### DATASET
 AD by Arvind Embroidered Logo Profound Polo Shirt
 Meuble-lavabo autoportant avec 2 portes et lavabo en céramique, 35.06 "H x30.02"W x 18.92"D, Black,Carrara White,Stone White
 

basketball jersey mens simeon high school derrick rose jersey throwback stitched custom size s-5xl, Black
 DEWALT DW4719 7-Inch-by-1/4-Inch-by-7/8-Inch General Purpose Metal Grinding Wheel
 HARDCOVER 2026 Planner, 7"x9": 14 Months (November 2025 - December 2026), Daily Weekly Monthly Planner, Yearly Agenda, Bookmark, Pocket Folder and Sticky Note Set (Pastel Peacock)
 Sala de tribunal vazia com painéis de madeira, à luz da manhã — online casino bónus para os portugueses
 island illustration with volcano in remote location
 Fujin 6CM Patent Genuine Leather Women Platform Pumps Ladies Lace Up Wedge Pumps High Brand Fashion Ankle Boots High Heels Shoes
######
§ HOW TO COMPLETE THIS TASK
Every entry must be set down exactly, with nothing left out.

§ SOLUTION TO THIS TASK
 AD by Arvind Embroidered Logo Profound Polo Shirt
 Meuble-lavabo autoportant avec 2 portes et lavabo en céramique, 35.06 "H x30.02"W x 18.92"D, Black,Carrara White,Stone White
 

basketball jersey mens simeon high school derrick rose jersey throwback stitched custom size s-5xl, Black
 DEWALT DW4719 7-Inch-by-1/4-Inch-by-7/8-Inch General Purpose Metal Grinding Wheel
 HARDCOVER 2026 Planner, 7"x9": 14 Months (November 2025 - December 2026), Daily Weekly Monthly Planner, Yearly Agenda, Bookmark, Pocket Folder and Sticky Note Set (Pastel Peacock)
 Sala de tribunal vazia com painéis de madeira, à luz da manhã — online casino bónus para os portugueses
 island illustration with volcano in remote location
 Fujin 6CM Patent Genuine Leather Women Platform Pumps Ladies Lace Up Wedge Pumps High Brand Fashion Ankle Boots High Heels Shoes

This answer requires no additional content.